### INSTRUCTIONS TO FOLLOW
Beginning with the line containing "Grayscale Photography Of" and going on through the line containing "Primary suite Bathroom", the lines below are to be returned exactly, pictures excluded and nothing added.

### THE INPUT
________________________________________

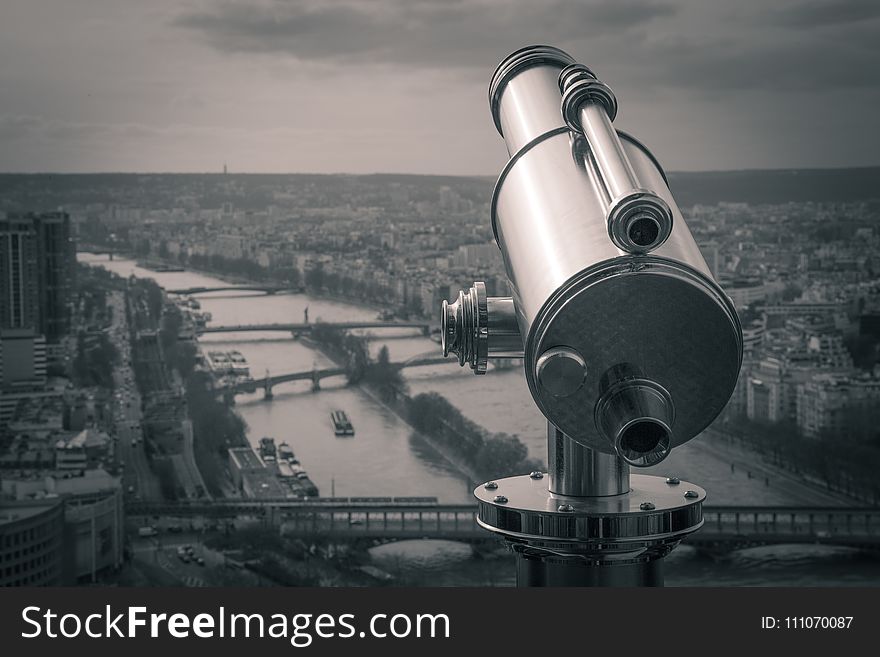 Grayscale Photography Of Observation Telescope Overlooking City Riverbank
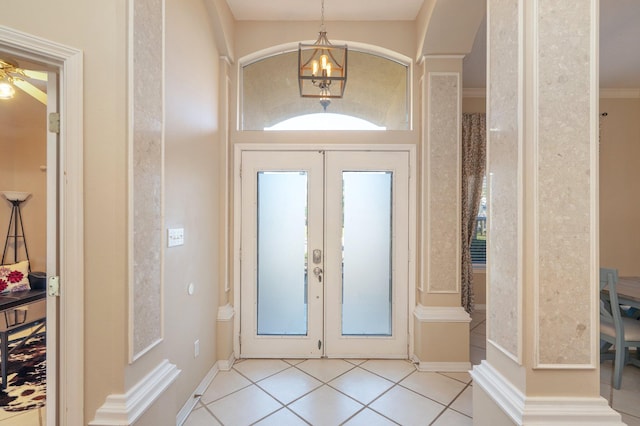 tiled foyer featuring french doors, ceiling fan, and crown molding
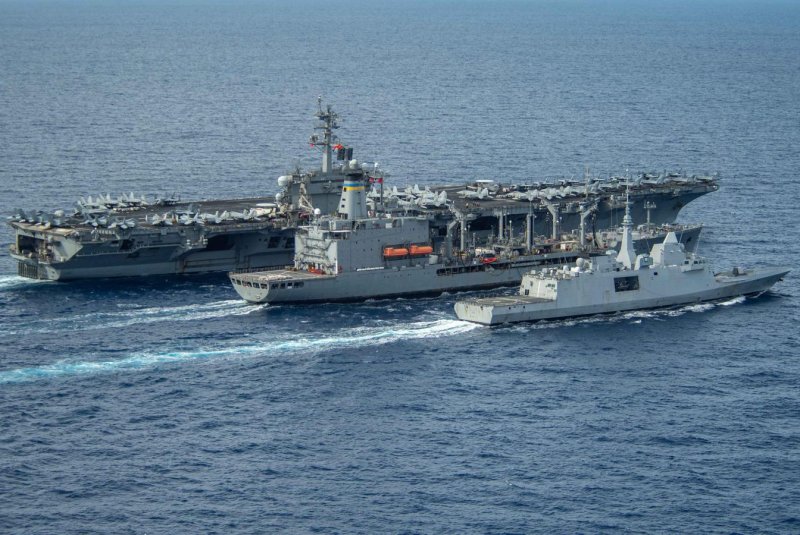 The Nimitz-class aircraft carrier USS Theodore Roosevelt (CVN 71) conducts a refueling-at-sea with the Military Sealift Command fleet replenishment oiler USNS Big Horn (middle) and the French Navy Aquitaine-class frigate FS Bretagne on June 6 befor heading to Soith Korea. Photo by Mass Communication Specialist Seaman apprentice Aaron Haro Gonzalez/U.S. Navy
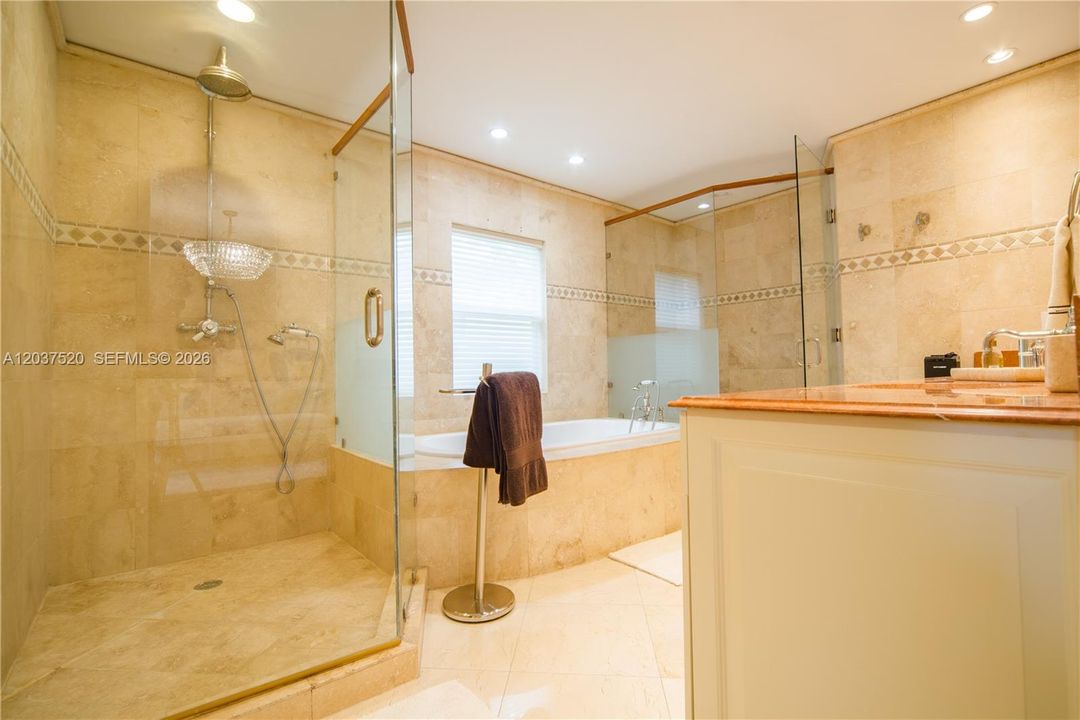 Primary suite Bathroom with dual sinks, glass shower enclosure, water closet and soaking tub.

________________________________________

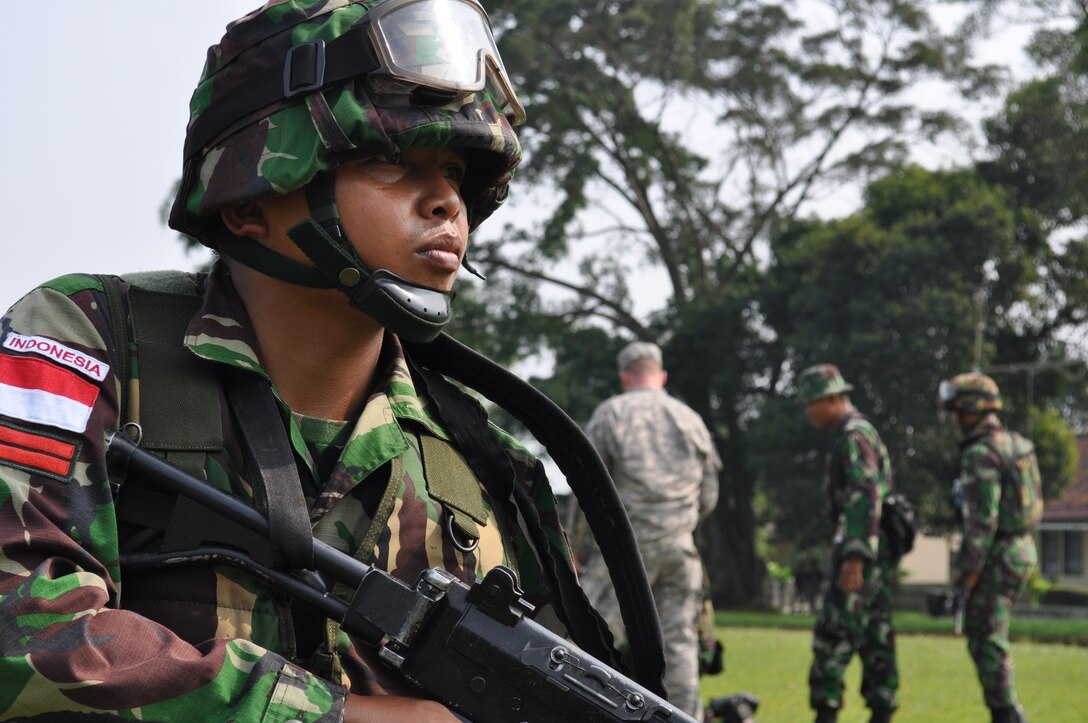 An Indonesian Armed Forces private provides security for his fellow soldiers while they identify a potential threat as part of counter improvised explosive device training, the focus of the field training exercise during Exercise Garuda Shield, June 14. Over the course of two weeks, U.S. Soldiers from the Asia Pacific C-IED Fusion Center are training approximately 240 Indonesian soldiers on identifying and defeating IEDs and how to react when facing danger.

________________________________________

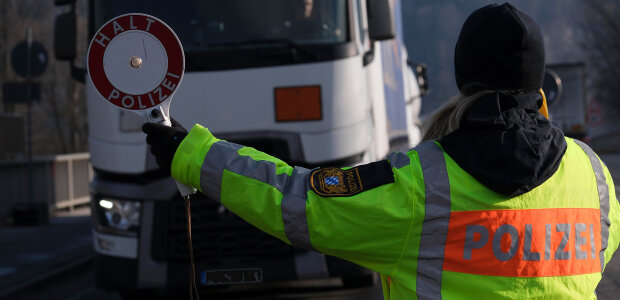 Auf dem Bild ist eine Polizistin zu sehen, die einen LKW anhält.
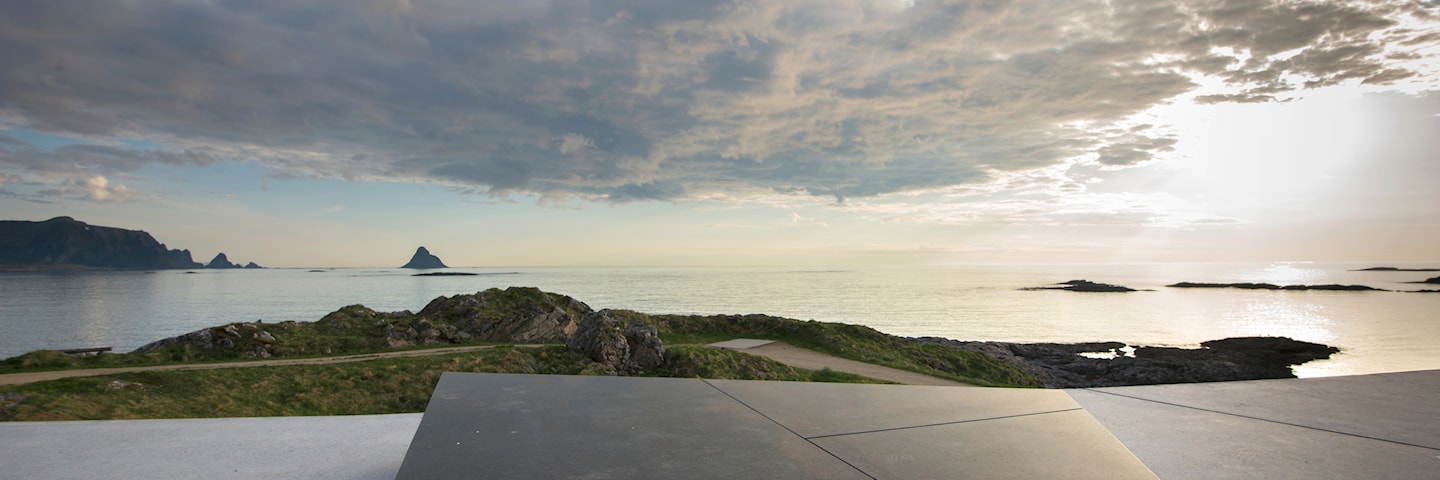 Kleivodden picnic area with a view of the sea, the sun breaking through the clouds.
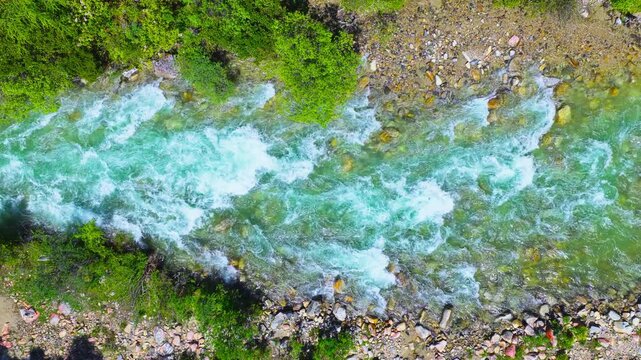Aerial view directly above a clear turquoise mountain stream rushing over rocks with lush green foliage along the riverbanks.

________________________________________

### ANSWER TO THIS EXERCISE
 Grayscale Photography Of Observation Telescope Overlooking City Riverbank
 tiled foyer featuring french doors, ceiling fan, and crown molding
 The Nimitz-class aircraft carrier USS Theodore Roosevelt (CVN 71) conducts a refueling-at-sea with the Military Sealift Command fleet replenishment oiler USNS Big Horn (middle) and the French Navy Aquitaine-class frigate FS Bretagne on June 6 befor heading to Soith Korea. Photo by Mass Communication Specialist Seaman apprentice Aaron Haro Gonzalez/U.S. Navy
 Primary suite Bathroom with dual sinks, glass shower enclosure, water closet and soaking tub.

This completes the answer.